Want op de keper beschouwd ziet het er in Schijndel (en Sint-Michelsgestel) oké uit. Doch naar aanleiding van ons bezoek hebben we onze gedachten over voedselbossen eens op een rijtje gezet. Want het ene voedselbos is het andere nog niet.

Een opdonder gehad, maar nieuw schot groeit uit de stambeschermer
Het is nog fris groen onder de bast – het leeft

We struinen door meer dan manshoge wilde begroeiing. Heel voorzichtig, want ertussen in de groene, vochtige diepte staan boompjes en struikjes verstopt.

Gelukkig staat het plantgoed in met paaltjes gemarkeerde rijen, zodat ze makkelijker zijn te vinden. De meeste boompjes zijn erg klein maar zien er fris en fruitig uit. Ze hebben deze natte zomer bijna allemaal veel nieuw schot gemaakt. Niet allemaal. En sommige lijken dood, doch bij nadere inspectie blijkt er nog gewoon leven in te zitten. Dat gaat wel goed komen. En hier en daar staat er een die echt dood lijkt, of er zijn er waar je aan zwart of geel blad kunt zien dat er iets niet zo goed gaat – te nat of onvoldoende voeding. Die gaan het niet redden. Maar uitval hoort er bij. Als je duizenden boompjes aanplant gaat er altijd een aantal dood. Zou de uitval hier in het Voedselbos Schijndel hoger zijn dan op andere plekken? Hoger dan bij een conventionele fruitteler? Wij kunnen dat moeilijk inschatten. Maar in ieder geval is er absoluut geen sprake van massale sterfte.

Mierennest

Een ree springt dicht voor onze voeten weg. Gangetjes, paadjes en holletjes in de dichte begroeiing hadden al verklapt dat hier allerlei dieren beschutting zoeken. Insecten zoemen in grote getale om onze hoofden. Irritant, maar goed nieuws voor de op de achtergrond kwetterende vogels.

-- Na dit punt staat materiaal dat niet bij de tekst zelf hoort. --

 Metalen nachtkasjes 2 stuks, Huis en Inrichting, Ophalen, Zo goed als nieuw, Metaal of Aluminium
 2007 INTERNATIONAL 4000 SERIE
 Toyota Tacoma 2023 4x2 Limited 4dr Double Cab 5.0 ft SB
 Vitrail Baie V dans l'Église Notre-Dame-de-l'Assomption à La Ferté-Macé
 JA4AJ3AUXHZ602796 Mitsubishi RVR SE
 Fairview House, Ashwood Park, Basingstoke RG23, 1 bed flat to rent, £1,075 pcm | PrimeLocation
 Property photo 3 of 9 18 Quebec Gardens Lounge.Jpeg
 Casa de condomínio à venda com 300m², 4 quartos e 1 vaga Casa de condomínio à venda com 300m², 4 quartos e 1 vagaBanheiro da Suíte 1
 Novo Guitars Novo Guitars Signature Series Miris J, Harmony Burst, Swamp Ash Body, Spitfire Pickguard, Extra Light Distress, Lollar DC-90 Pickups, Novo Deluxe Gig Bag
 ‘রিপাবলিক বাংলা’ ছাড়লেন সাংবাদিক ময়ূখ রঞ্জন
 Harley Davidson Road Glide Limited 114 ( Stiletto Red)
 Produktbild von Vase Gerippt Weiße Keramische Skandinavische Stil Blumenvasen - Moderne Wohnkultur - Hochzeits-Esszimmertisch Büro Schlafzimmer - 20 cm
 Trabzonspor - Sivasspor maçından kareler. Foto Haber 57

We hebben geen nulmeting gedaan, maar durven met droge ogen te beweren dat de biodiversiteit hier nu al een stuk hoger ligt dan toen deze percelen nog maisakkers of raaigrasweiden waren.
Dat is misschien ook niet zo moeilijk.
In ieder geval boven de grond is verbetering te zien – onder de grond hebben we niet gekeken, dat vonden we wat al te onbeleefd. We zagen veel mierennesten, dat is alvast een goed begin. De bodem is essentieel en moet zich in deze eerste jaren van dit voedselbos ontwikkelen tot een gezonde basis. Dat heeft tijd nodig. En rust.

Manshoge begroeiing van allerlei aard. Onkruid bestaat niet.

Brandnetels prikken, bramen en akkerdistels krassen onze armen en benen, we raken verstrikt in akkerwinde.

Pollen biezengras, koninginnenkruid en riet verklappen de nog vochtigere delen van het terrein. Wilgenroosje, gewone berenklauw, Jakobskruiskruid, smeerwortel, wederik en nog veel meer groeit op de iets drogere delen.
We kunnen ons levendig voorstellen dat iemand die zonder uitleg of achtergrond hier rondkijkt (of foto’s of filmpjes te zien krijgt) er lastig iets van kan maken.

Groen lusthof

De toekomstvisie dat je hier in een groen lusthof volop bessen, noten en ander lekkers kunt oogsten, terwijl vlinders om je heen fladderen en vogels zingen, ligt nog best ver in de tijd voor ons. Dit is eigenlijk nog maar een baby-voedselbos. En net zoals je bij een mensenbaby niet kunt voorspellen hoe de twintigjarige volwassene er uit zal gaan zien, wat die doet, hoe die leeft – net zo kun je bij dit voedselbos nog niet helemaal voorspellen hoe dat er uit zal zien. Natuurlijk is er een plan, een visie. Maar veel zal ook gaandeweg moeten ontstaan en worden ontwikkeld. En dat is prima.

Ribes rubrum (aalbes) ingekapseld in allerlei kruiden, maar blij met mooi groen blad
Een minder florissant uitziende aalbes, maar met vrucht. We hebben ze opgegeten.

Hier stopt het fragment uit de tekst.